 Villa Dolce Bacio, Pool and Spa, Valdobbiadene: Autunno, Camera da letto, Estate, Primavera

+++

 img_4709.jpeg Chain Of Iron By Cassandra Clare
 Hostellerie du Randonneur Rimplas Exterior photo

+++

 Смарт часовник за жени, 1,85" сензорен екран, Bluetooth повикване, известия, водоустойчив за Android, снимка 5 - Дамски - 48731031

+++

=== Work to be completed ===
Starting with the line with "img_4709.jpeg Chain Of" above and going on through the line with "Hostellerie du Randonneur", transcribe every line exactly, both ends included, and add nothing.

=== Expected answer ===
 img_4709.jpeg Chain Of Iron By Cassandra Clare
 Hostellerie du Randonneur Rimplas Exterior photo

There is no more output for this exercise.